**The task:**
Exactly as written, set down each line of the data below except its pictures.

-------- Supplied data --------

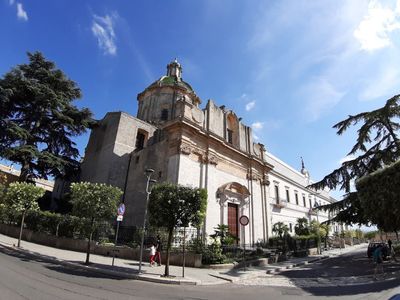 Altamura: In the Footsteps of James Bond Audio Tour - photo 2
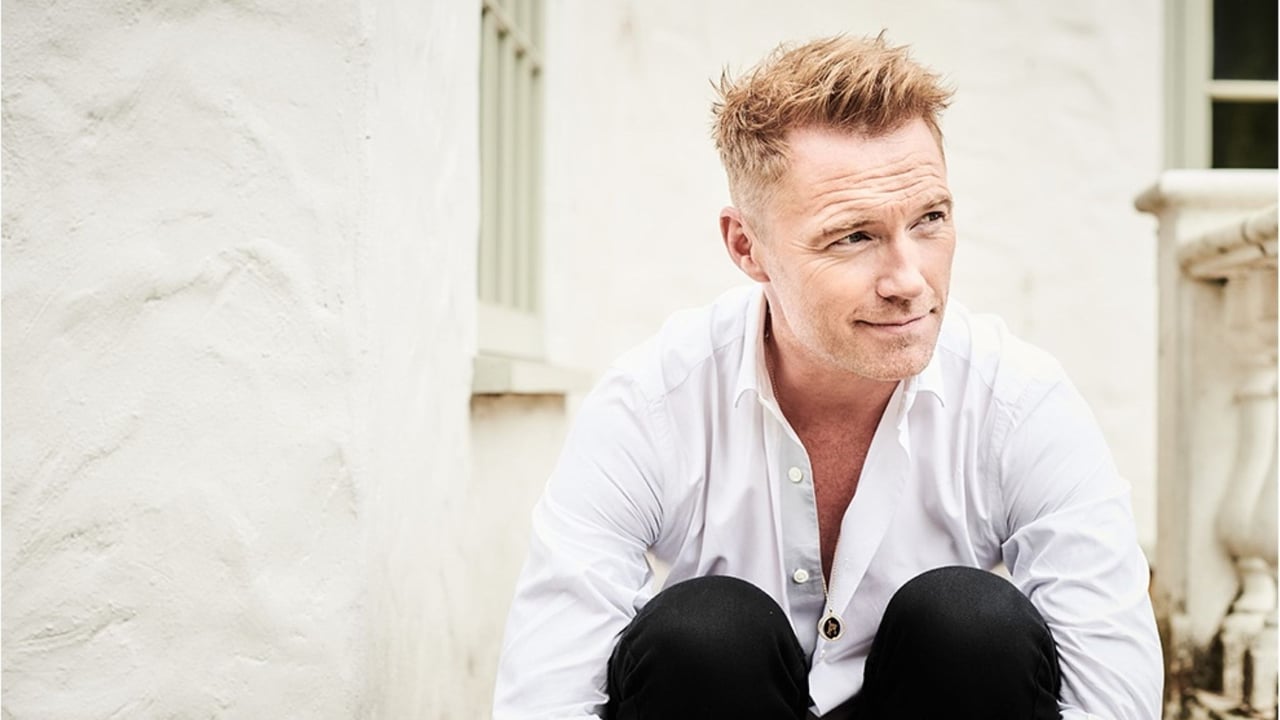 Ronan Keating | Premium Seats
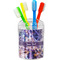 Tie Dye Toothbrush Holder (Personalized)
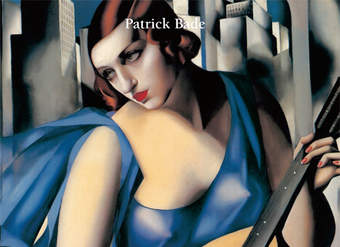 Tamara de Lempicka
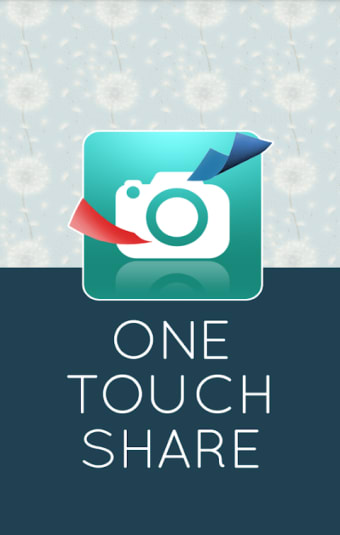 One Touch Share
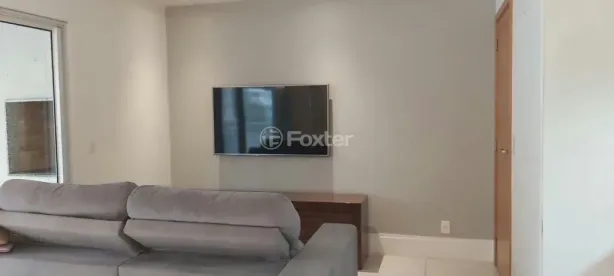 Apartamento com 3 Quartos à venda, 167m² no Perdizes, São Paulo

--------

**Answer to the problem:**
 Altamura: In the Footsteps of James Bond Audio Tour - photo 2
 Ronan Keating | Premium Seats
 Tie Dye Toothbrush Holder (Personalized)
 Tamara de Lempicka
 One Touch Share
 Apartamento com 3 Quartos à venda, 167m² no Perdizes, São Paulo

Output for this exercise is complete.